**The task:**
Exactly as they appear, retype the lines from the one containing "2024 Ford Edge" through the final line of the data below. Leave pictures out.

[Data extracted from a collection]
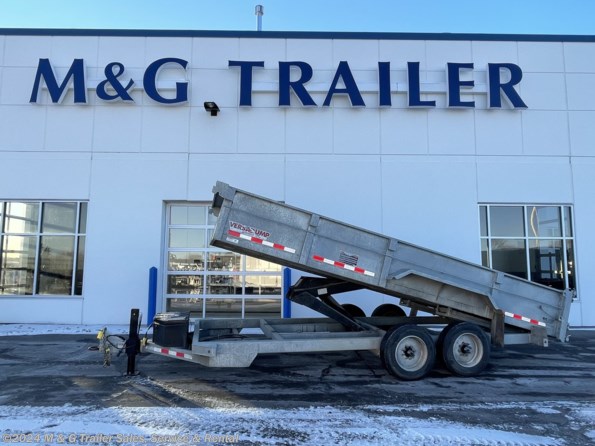 2019 Midsota HV-18 82x18 17.6K Galvanized Dump Trailer available in Ramsey, MN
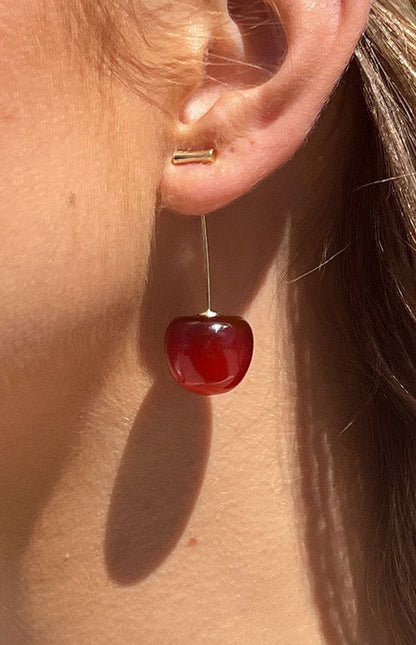 Cherry Earings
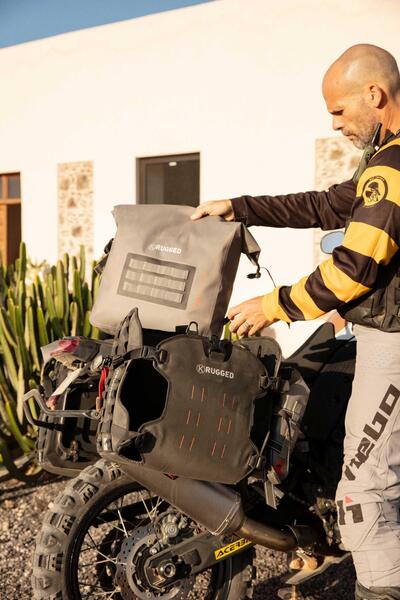 Borse laterali Kappa K&rsquo;Rugged AV07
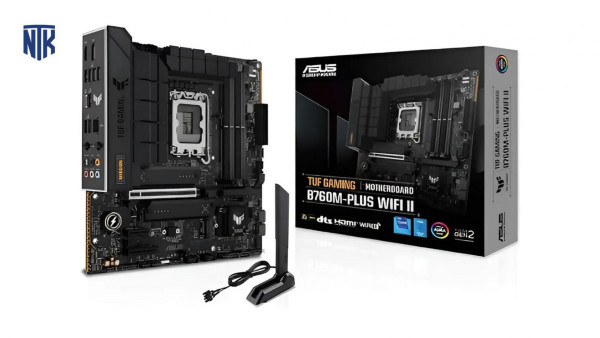 Bo mạch chủ ASUS - TUF GAMING B760M-PLUS WIFI II DDR5 | Chính hãng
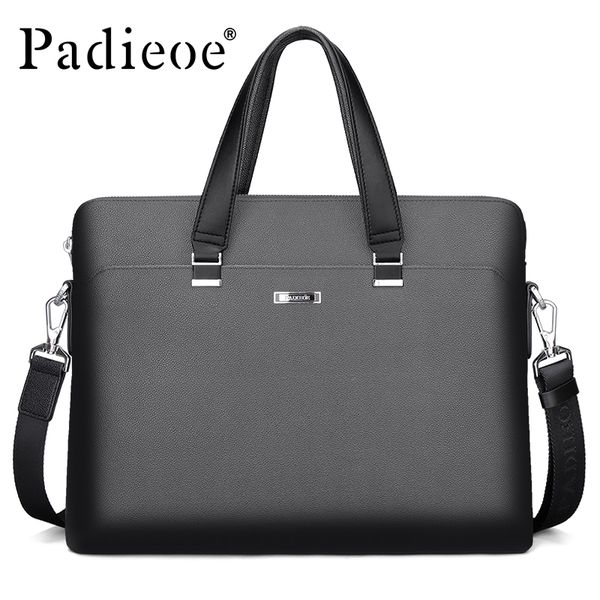 padieoe business men's briefcase durable pvc documents lapbag fashion dress men office portfolio bag
padieoe business men's briefcase durable pvc documents lapbag fashion dress men office portfolio bag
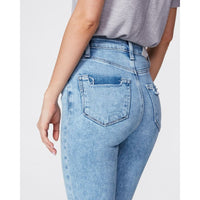 Paige Ultra High Rise Cindy Raw Hem - Mariska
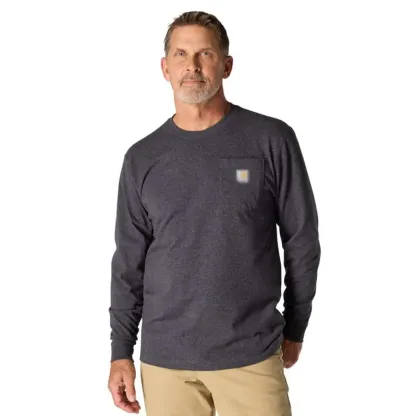 🔥Last Day 89% OFF🔥 CHT Men's K87&K126 Workwear Loose Fit Heavyweight Short-Sleeve Pocket T-Shirt(Also Available in Big & Tall)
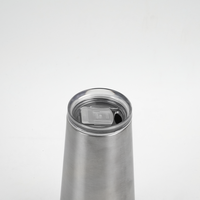 Gobelet isotherme en acier inoxydable à double paroi de 12 oz, résistant au gel, pour l'extérieur/l'intérieur, pour flûtes à champagne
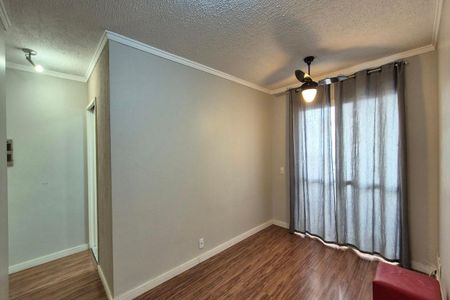 Sala  de apartamento à venda com 2 quartos, 47m² em Parque Italia, Campinas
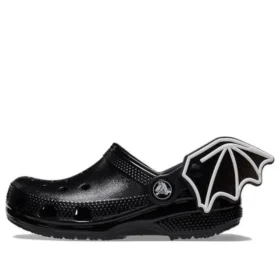 Classic I Am Bat Clogs ”Black White”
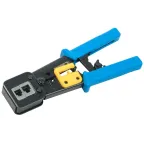 Инструмент обжимной для RJ-45/12 c храповым механизмом FPS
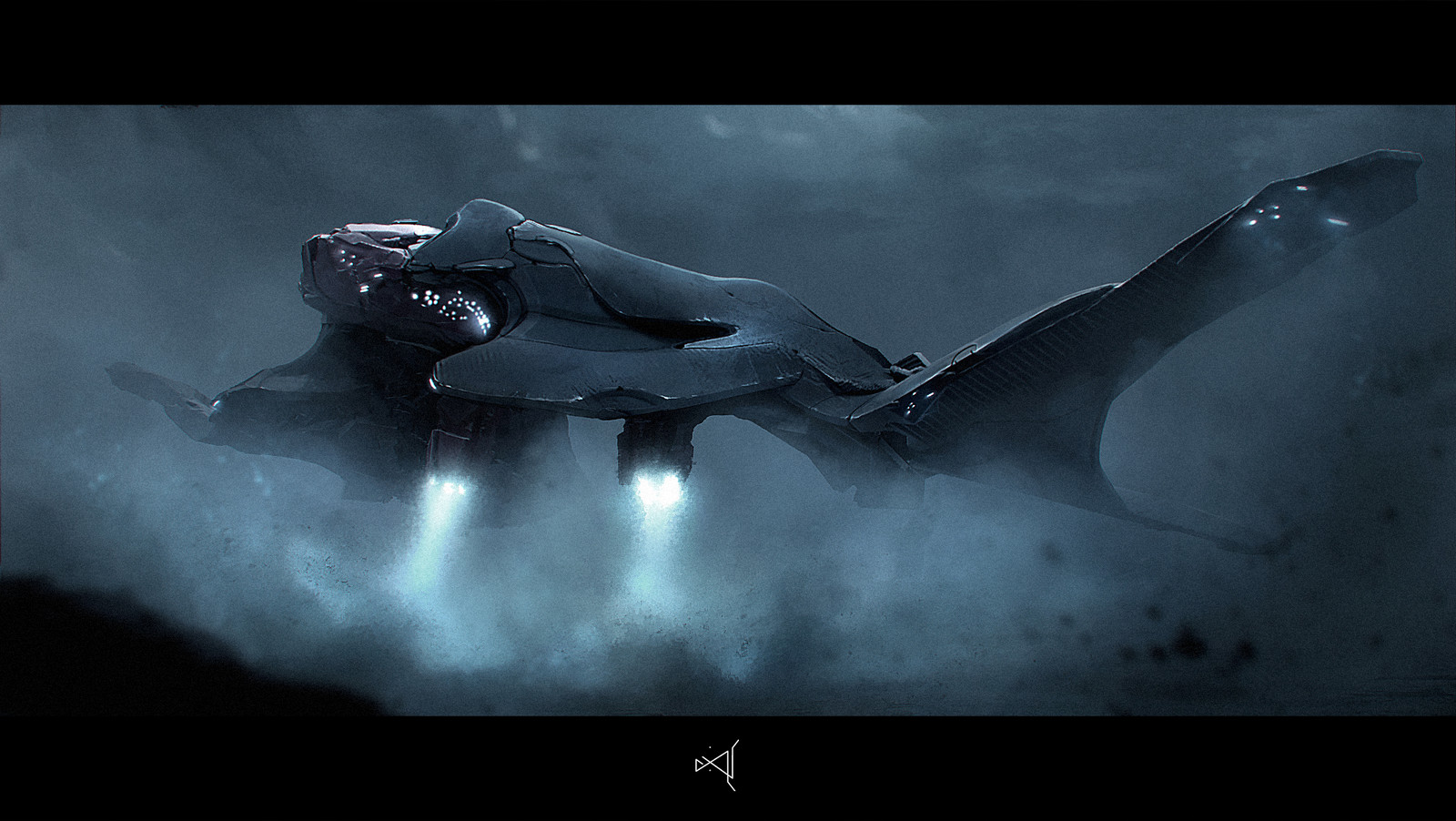Spacecraft Concept by Milan Nikolic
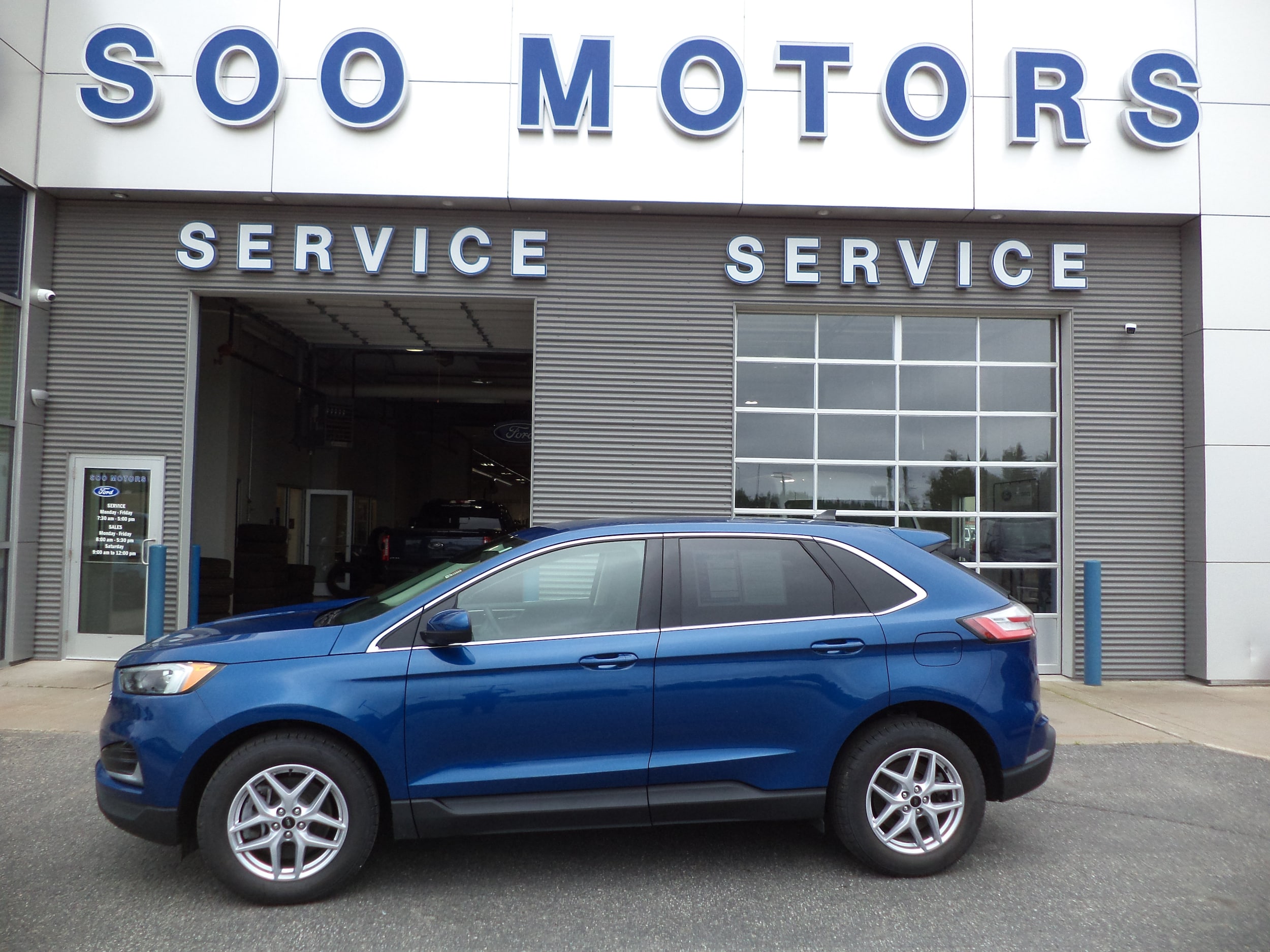 2024 Ford Edge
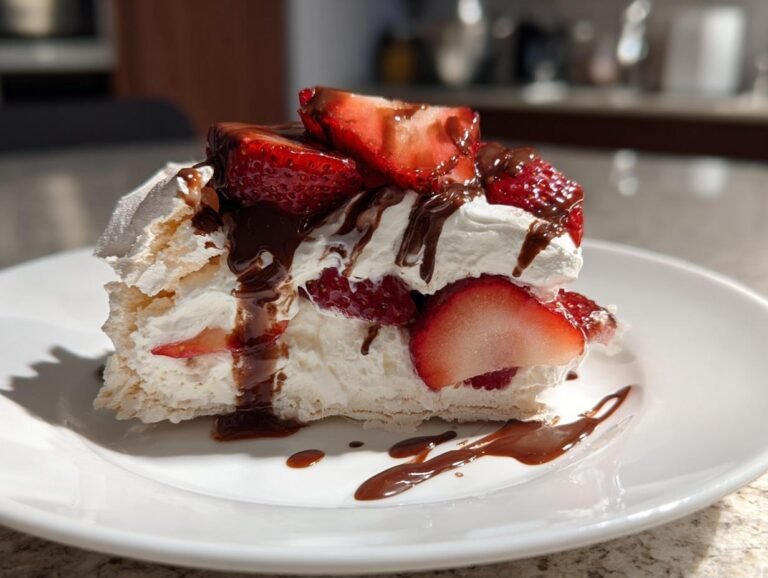Sjokoladepavlova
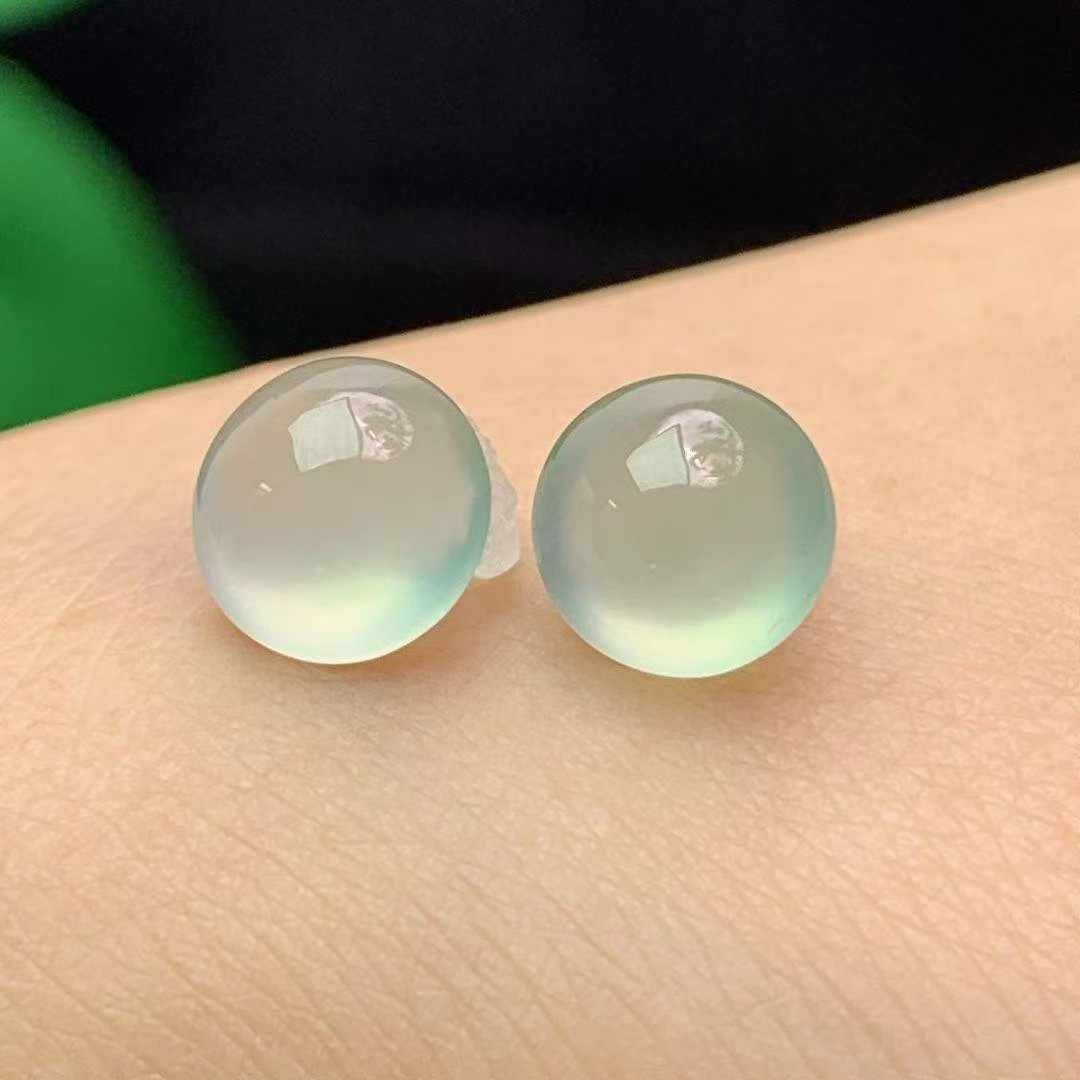 翡翠蛋面,天然翡翠A玉, 緬甸玉, Jade, Jadeite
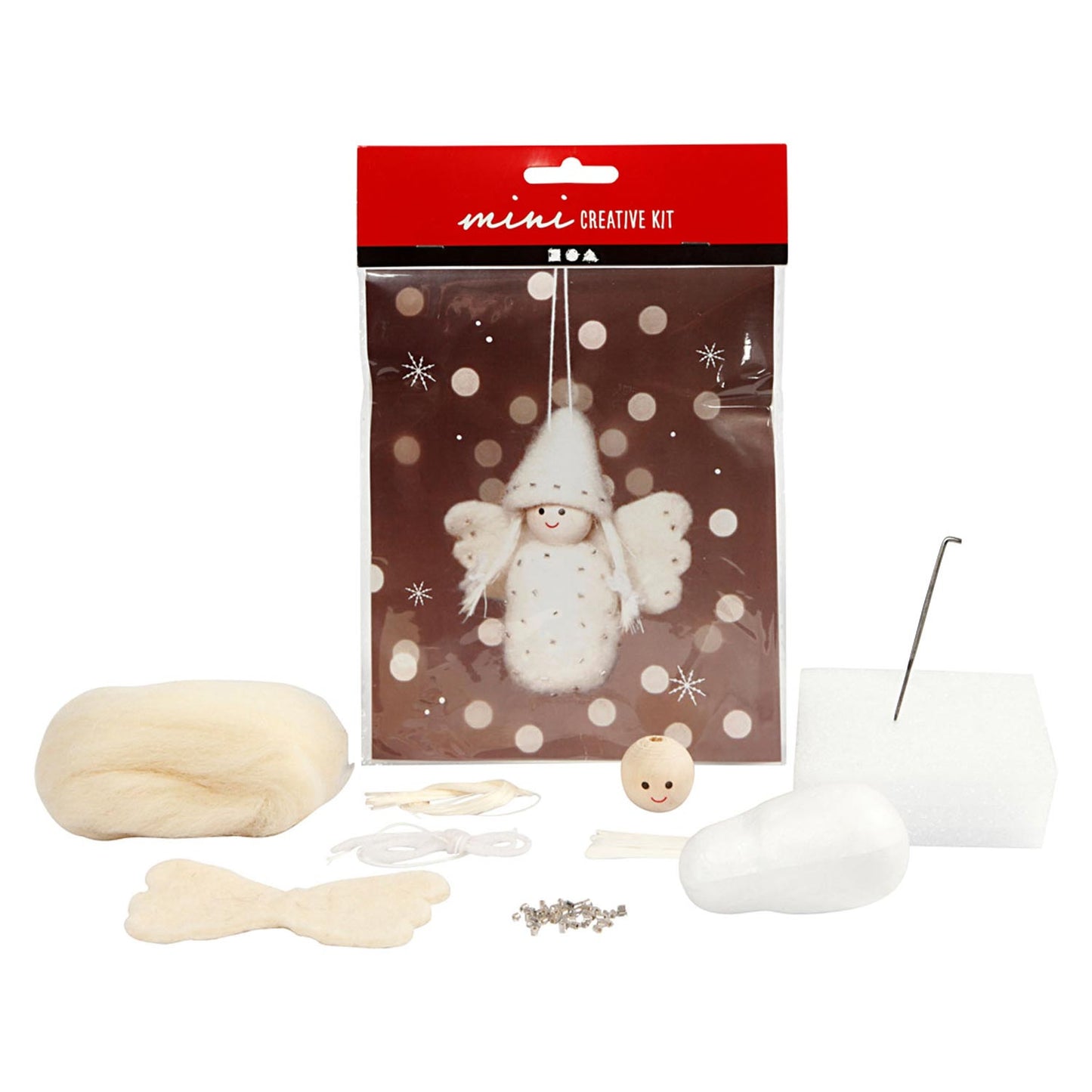 Mini Creative Kit Anhänger Engel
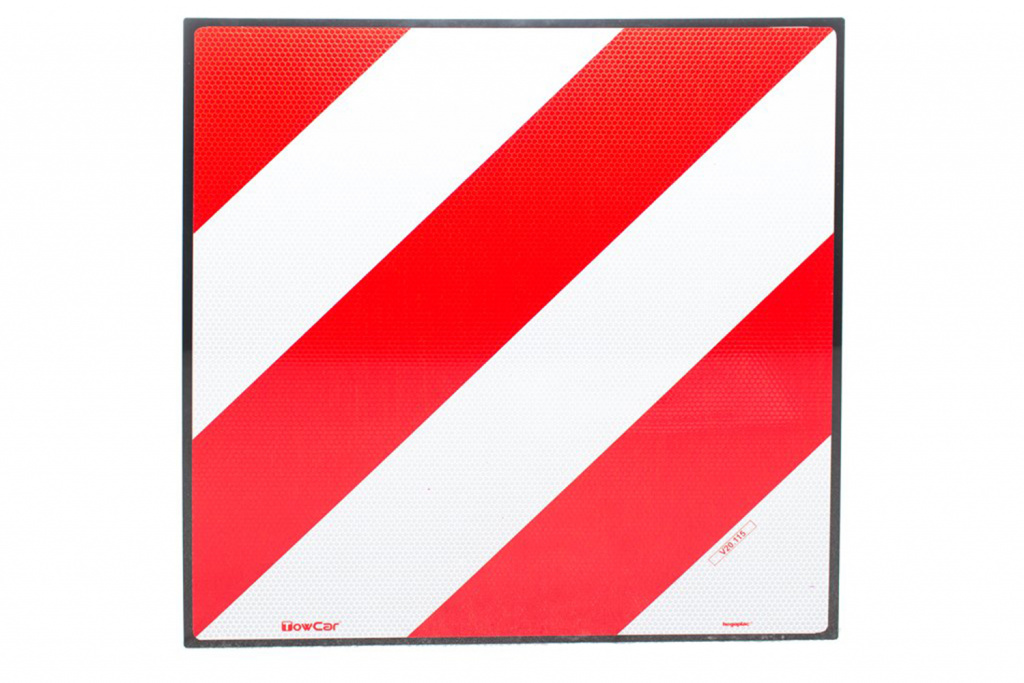 Placa de semnalizare V20 din plastic pentru TOWBOX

**Task solution:**
 2024 Ford Edge
Sjokoladepavlova
 翡翠蛋面,天然翡翠A玉, 緬甸玉, Jade, Jadeite
 Mini Creative Kit Anhänger Engel
 Placa de semnalizare V20 din plastic pentru TOWBOX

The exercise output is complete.